Bollettino Della Societa Geologica Italiana | 2017
Melania Meccariello; Luigi Ferranti; Giovanni Barreca; Mimmo Palano
Joint analysis of multichannel seismic reflection profiles calibrated with well-logs across the northern part of the Lampedusa Plateau (central sector of the Pelagian Block, Sicily Channel), of structural data collected on Lampedusa island, and of GNSS geodetic velocities of sites on the islands and on the northern shore of the Channel, suggests that this part of the plateau forms an anticlinorium (Lampedusa Plateau Anticlinorium, LPA).
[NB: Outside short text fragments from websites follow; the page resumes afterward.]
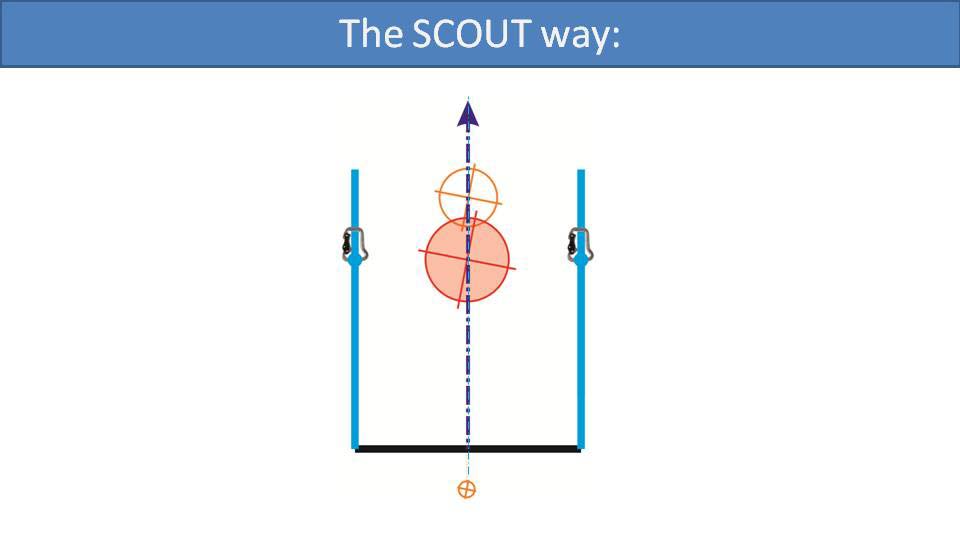 The SCOUT way (diagram)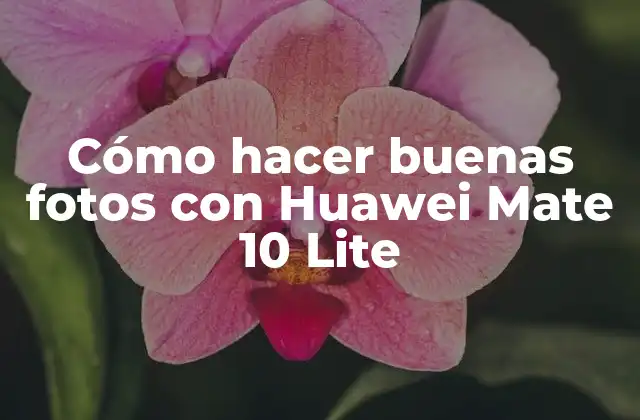 Cómo Hacer Buenas Fotos con Huawei Mate 10 Lite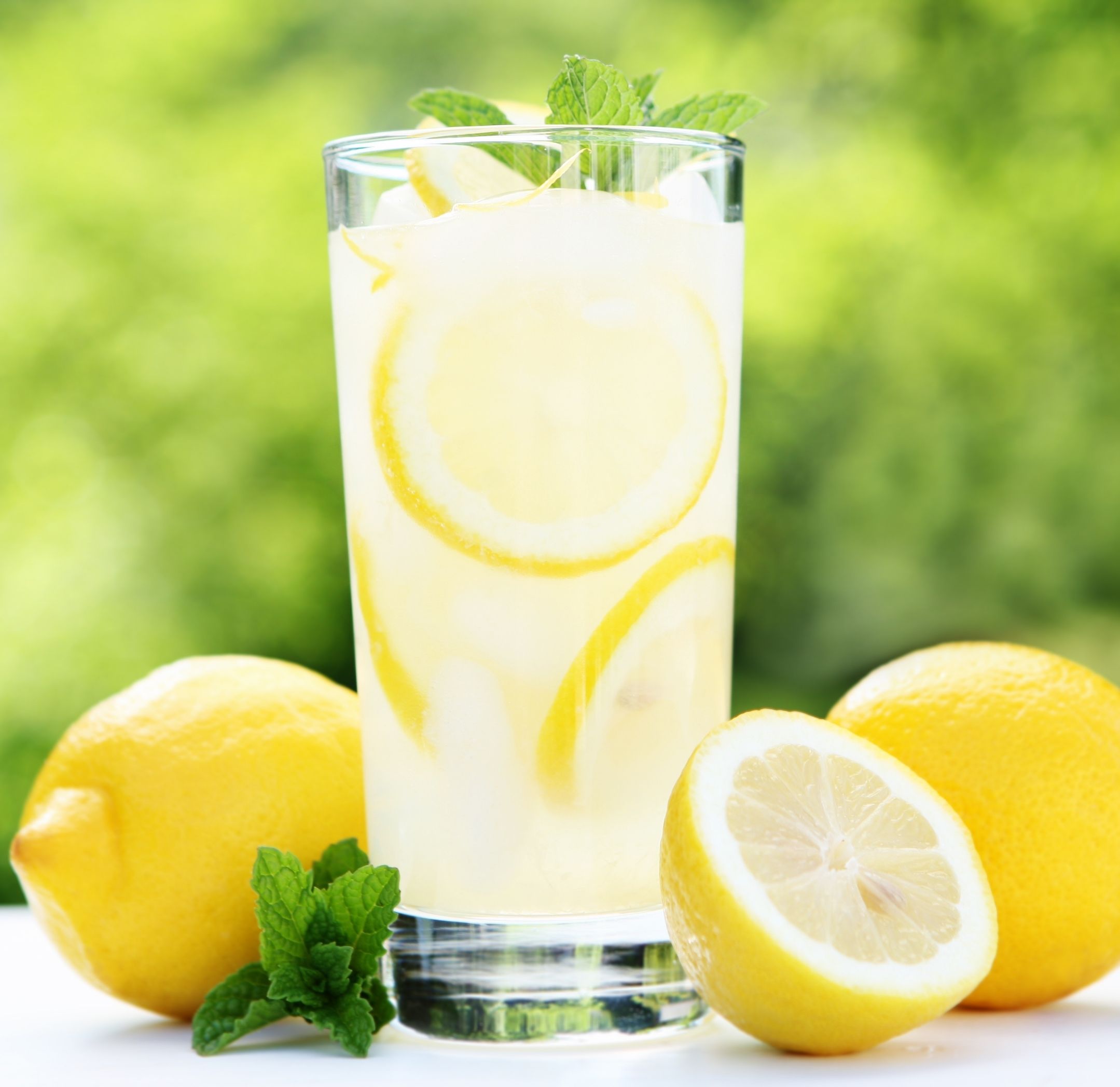 LİMONOTA Fotoğrafı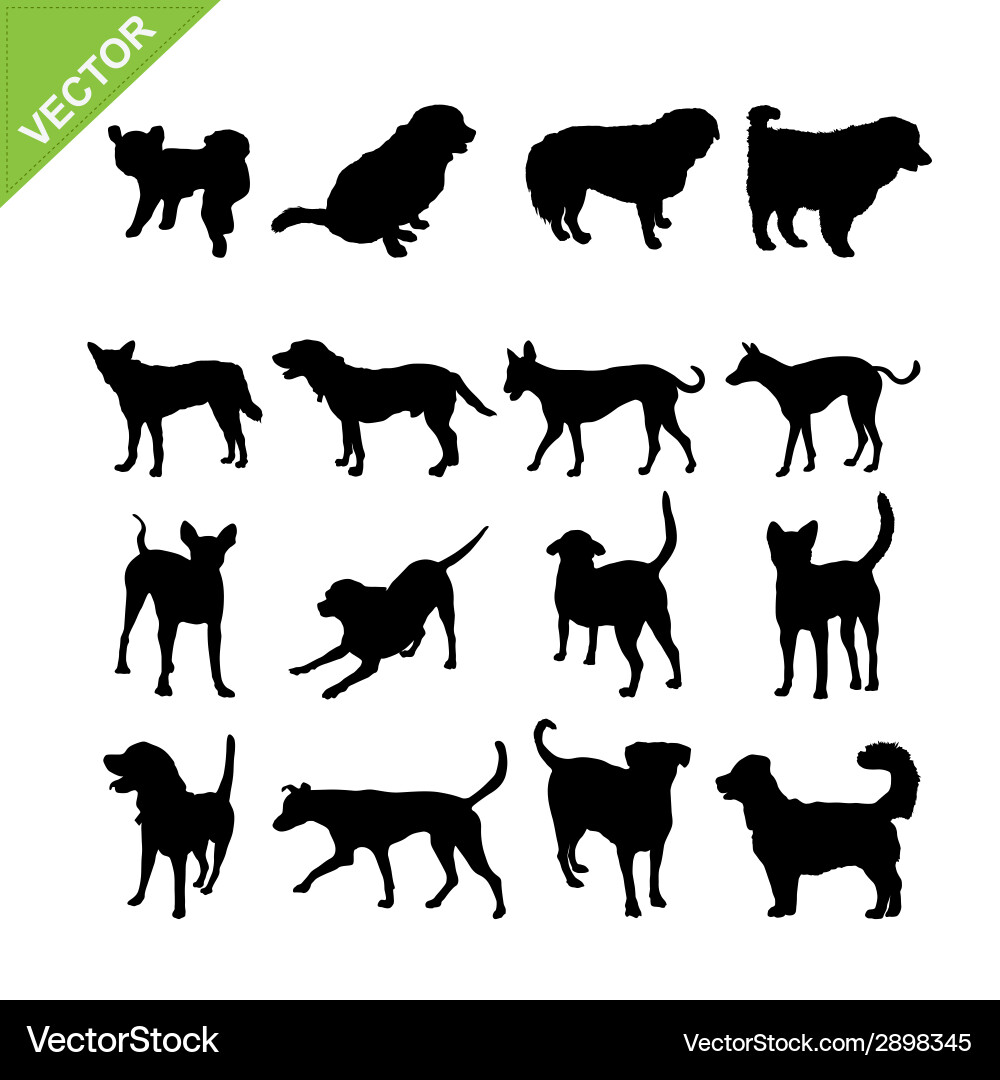 Dog Silhouettes - Animal Collection Vector Image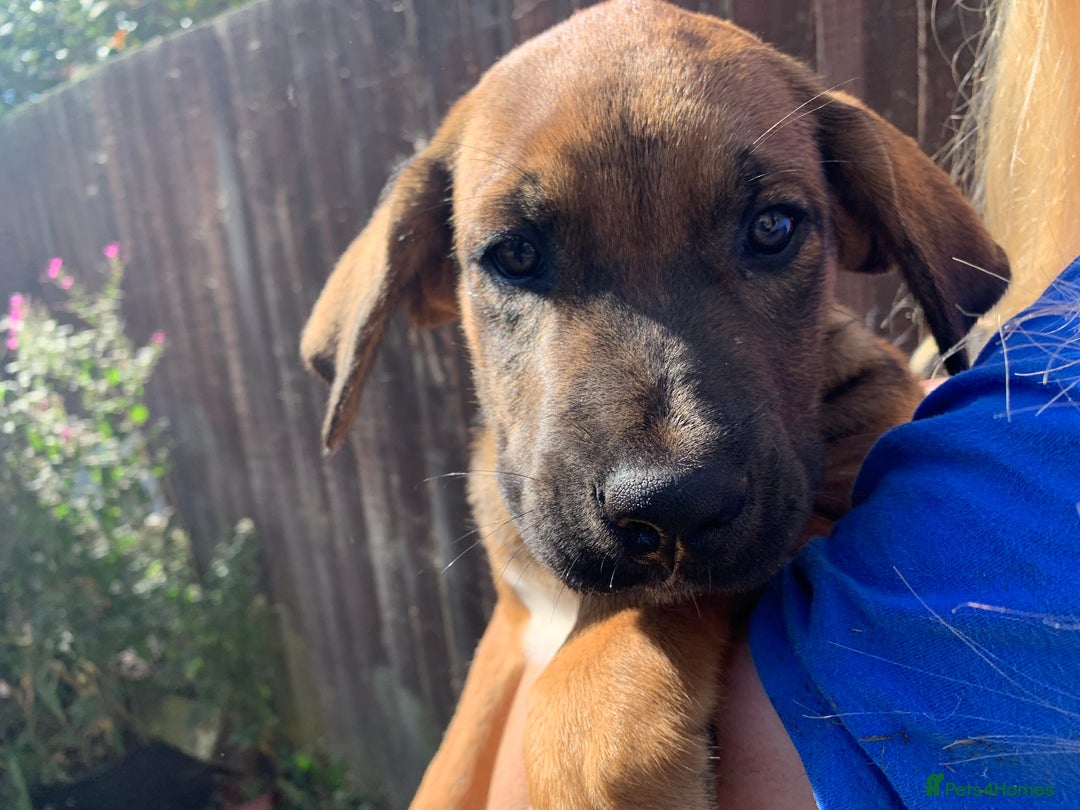 Mixed Breed dogs for sale: Cane corso X Alaskan malamute surprise litter  - Image 26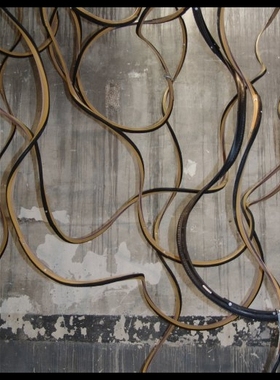 【预售】A Singular Plurality: The Works of Dar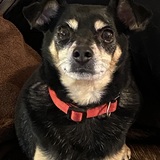 Entry image for Oliver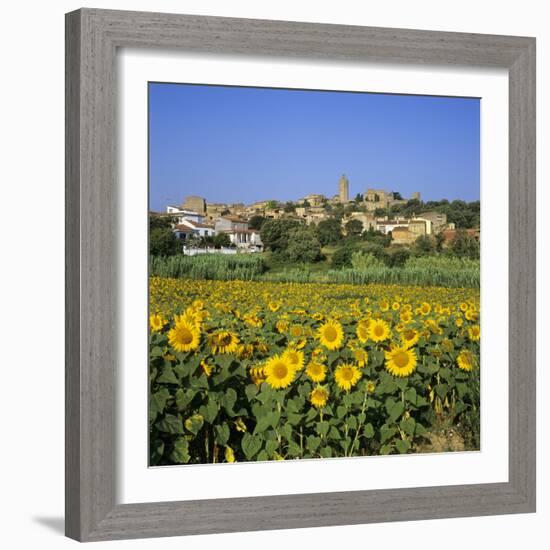 Hilltop Village Above Sunflower Field, Pals, Catalunya (Costa Brava), Spain-Stuart Black-Framed Photographic Print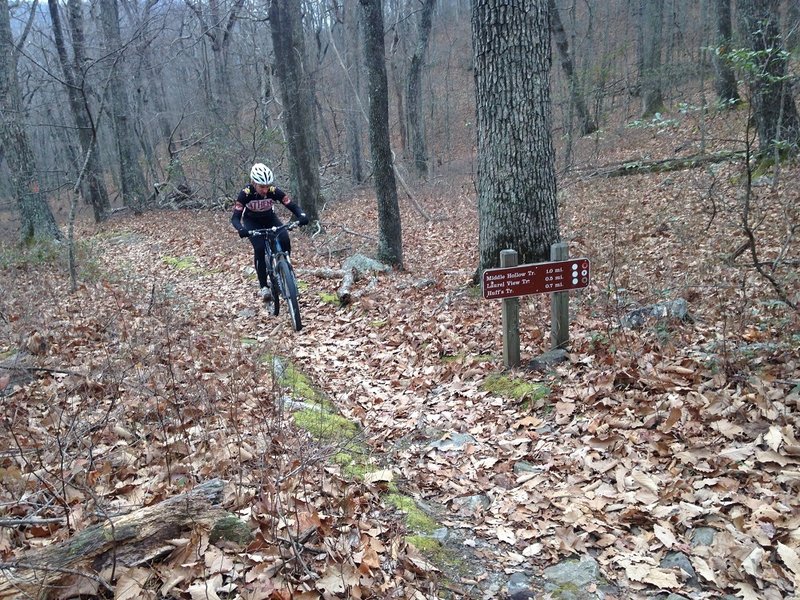 Climbing up the Middle Hollow Trail to the intersetion of the Pine Tree Trail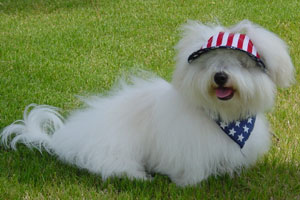Bo July 4 in grass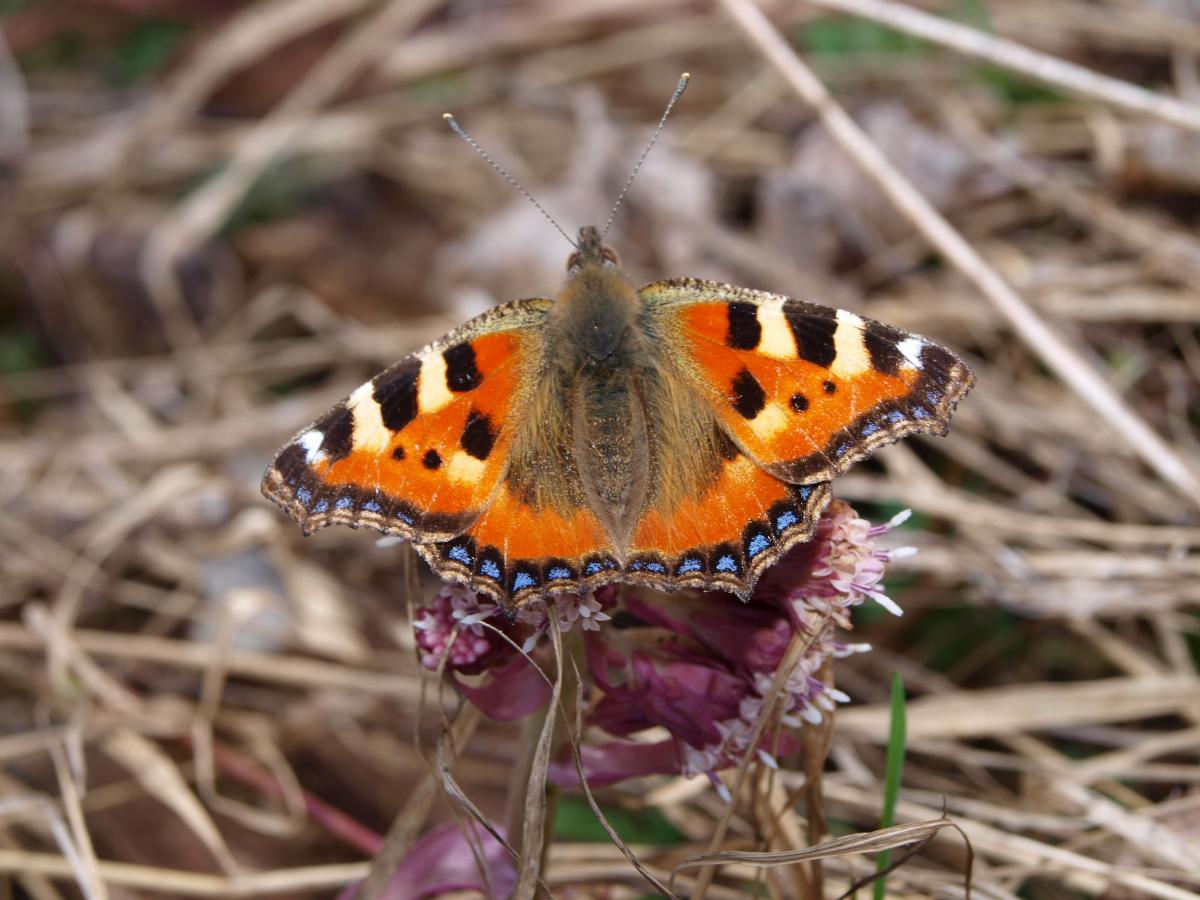 Schmetterling (kleiner Fuchs)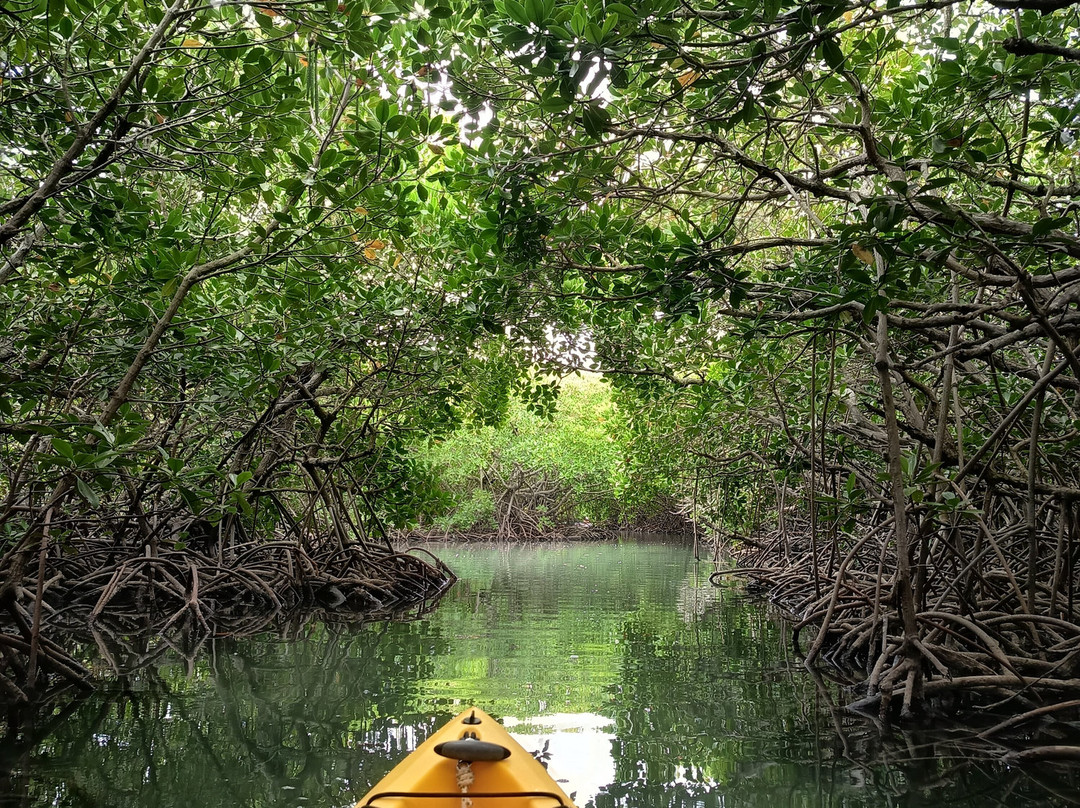 Sea Kayak Adventures-毛里求斯必去景点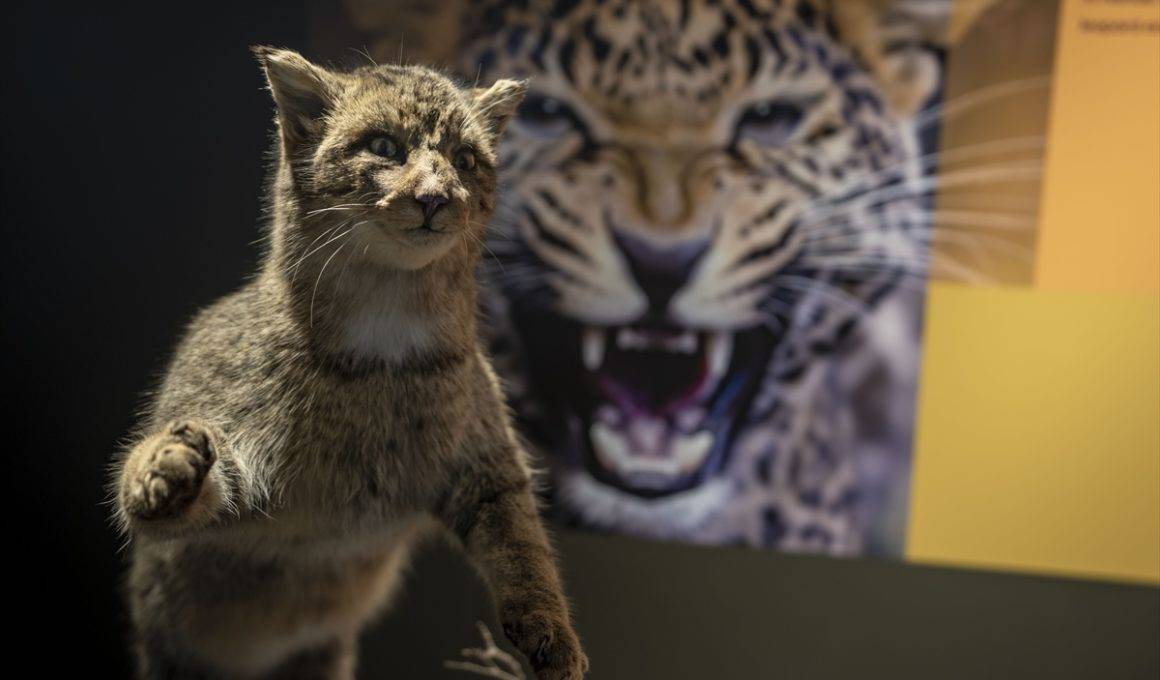 Toplanması 60 yıl sürdü: Atatürk Üniversitesi Biyoçeşitlilik Bilim Müzesi ziyaretçileri bekliyor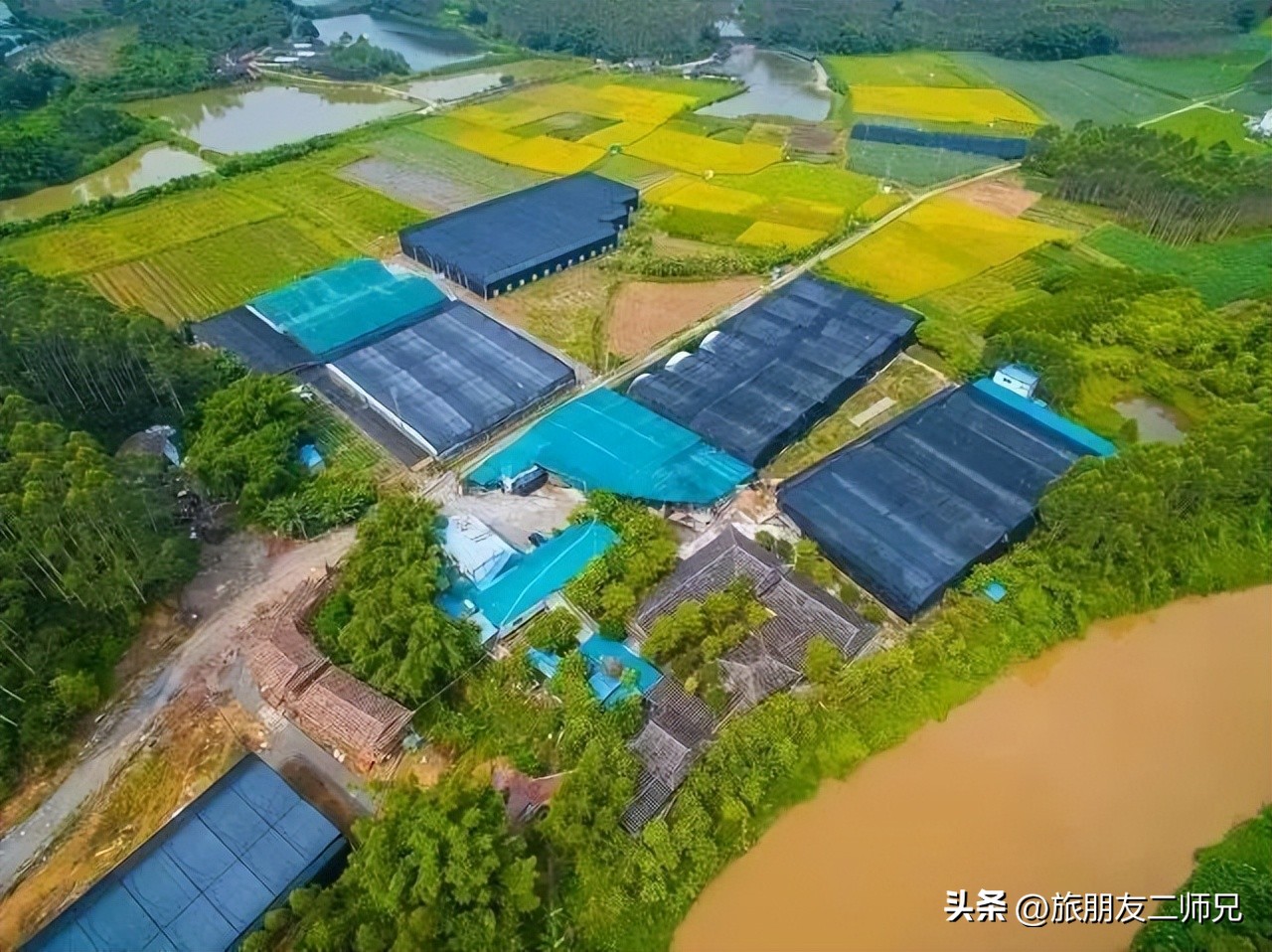 佛山去江门旅游景点推荐,佛山去江门旅游攻略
The LPA developed during Paleogene to Early Miocene intraplate contraction followed by Miocene to current strike-slip deformation. It is formed by WNW-ESE striking highs and lows, which have an ~20 km average wavelength and culminate at the Lampione-Lampedusa High. These broad folds are bounded by high-angle faults with a reverse component of displacement, which cut Eocene to Lower Pliocene strata offshore, and Late Miocene strata on Lampedusa. Extensional faults, that have a bathymetric expression and are responsible for marked stratal tilting due to their listric geometry, are only found to the NE of the island and are associated to the rifting that affected the central part of the Sicily Channel in the Pliocene-Quaternary. Seismic reflection profiles show that normal fault activity peaked during the middle part of the Pliocene and strongly diminished afterward. Appraisal of recent plate motion reconstructions and of published and new structural data offshore and on-land suggest that the main growth phase of the LPA occurred during (Late Cretaceous?) Paleocene-Early Miocene ~N-S convergence between Nubia and Eurasia and associated intraplate shortening. Starting from Early Miocene, likely in response to a CCW rotation of the plate convergence direction, strike-slip deformation occurred with a ~NW-SE shortening axis and ~NE-SW extension axis. During this time span the previous contractional structures were locally reactivated in transpression. The two different strain regimes, extensional and transpressional that established since Miocene NE and W to NW of Lampedusa, respectively, still persist today as documented by geodetic velocities.